# [PROMPT]
Please repeat word for word the line containing "Bloco De Notas" and every following line up to and including the last one below, pictures excluded.
··· RECORDED DATA
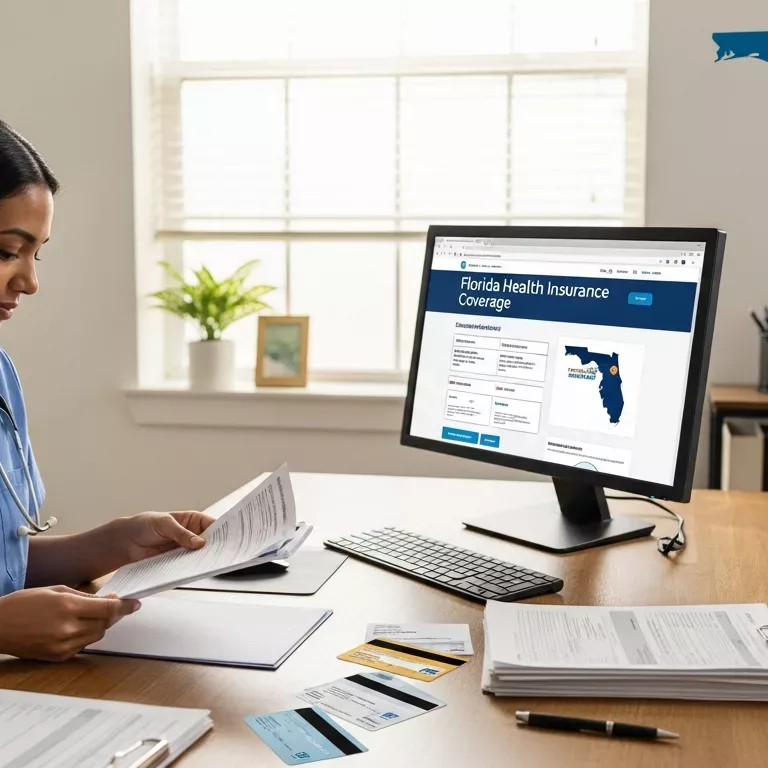Florida healthcare worker reviewing EMDR therapy insurance coverage documents at desk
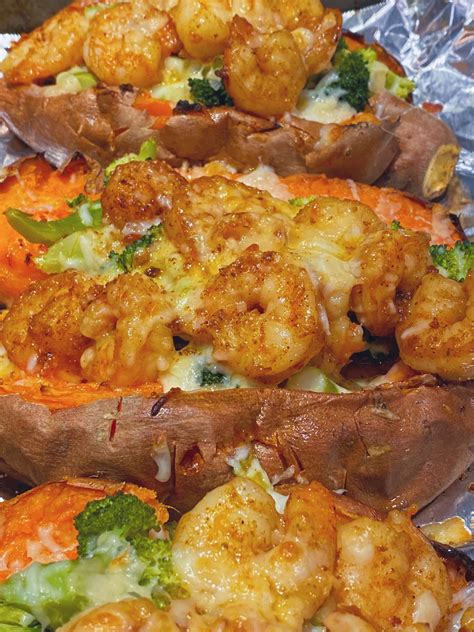 Cheesy Shrimp And Broccoli Stuffed Sweet Potatoes Itsjoitomyworld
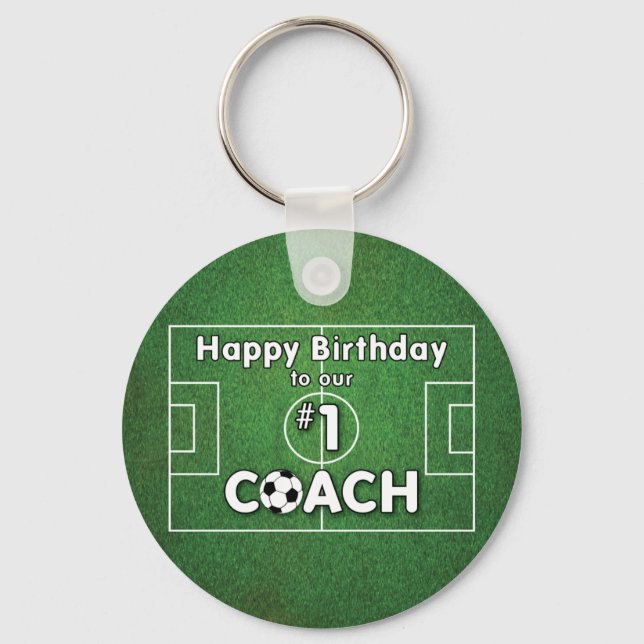 Chaveiro Treinador Aniversário com Grass Field e Ball (Frente)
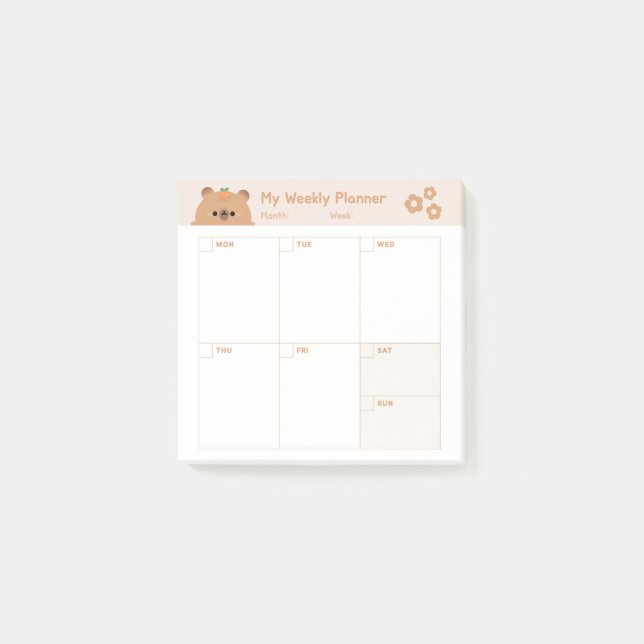 Bloco De Notas Calendário do Planejador Semanal Simples Minimalis (Frente)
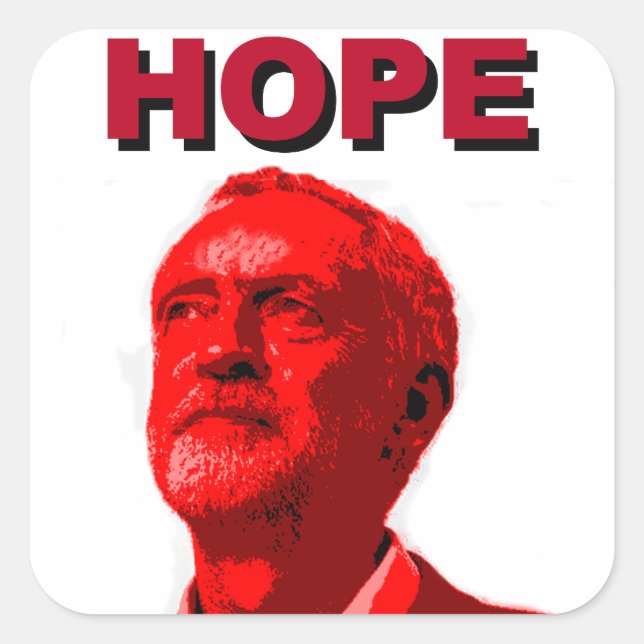 Sticker Carré Jeremy Corbyn Hope (Devant)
······
# [OUTPUT OF THE TASK]
 Bloco De Notas Calendário do Planejador Semanal Simples Minimalis (Frente)
 Sticker Carré Jeremy Corbyn Hope (Devant)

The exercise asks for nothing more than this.